(Beginning of Data)

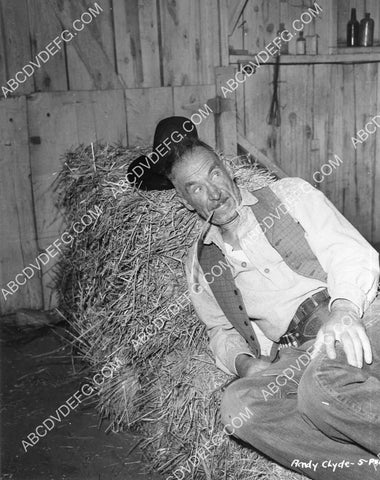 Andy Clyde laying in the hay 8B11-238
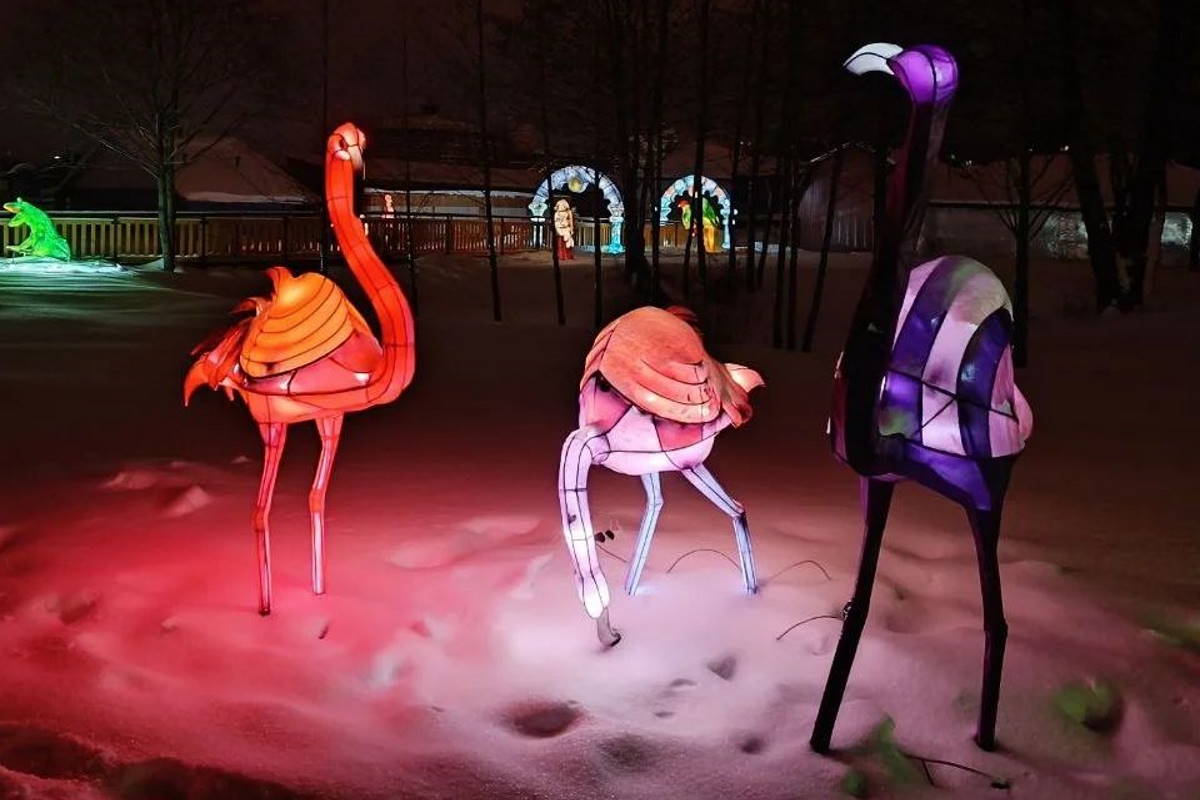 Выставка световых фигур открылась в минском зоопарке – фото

(End of Data)
(Beginning of Data)

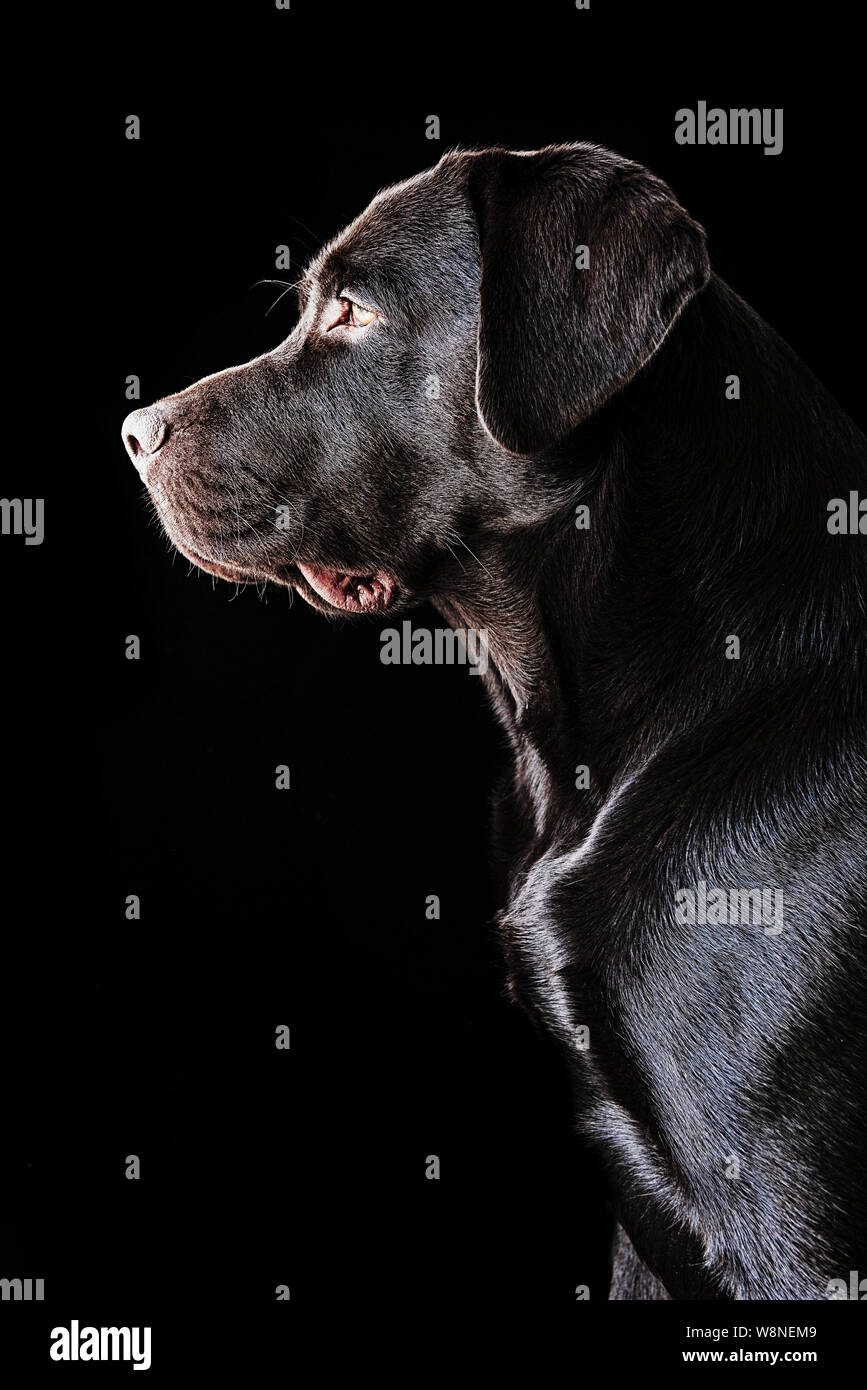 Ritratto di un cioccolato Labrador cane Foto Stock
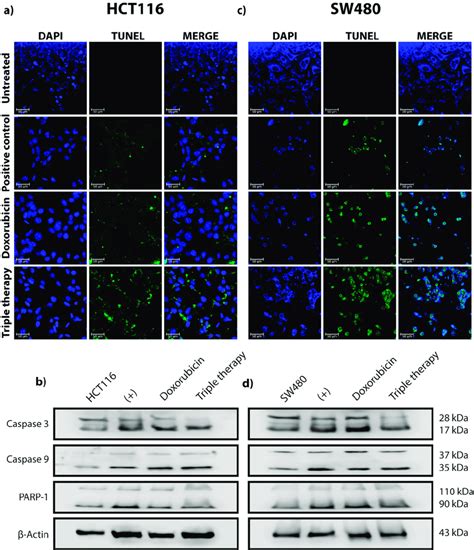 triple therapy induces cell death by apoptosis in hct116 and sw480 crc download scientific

(End of Data)
(Beginning of Data)

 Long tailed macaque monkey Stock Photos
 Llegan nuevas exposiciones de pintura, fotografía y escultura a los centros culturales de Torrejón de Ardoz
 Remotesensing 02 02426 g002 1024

(End of Data)

_Problem description:_
What are the lines, exactly as written above, from the line with "Llegan nuevas exposiciones" to the line with "Remotesensing 02 02426 g002 1024", both included? Output only those.

_Solution:_
 Llegan nuevas exposiciones de pintura, fotografía y escultura a los centros culturales de Torrejón de Ardoz
 Remotesensing 02 02426 g002 1024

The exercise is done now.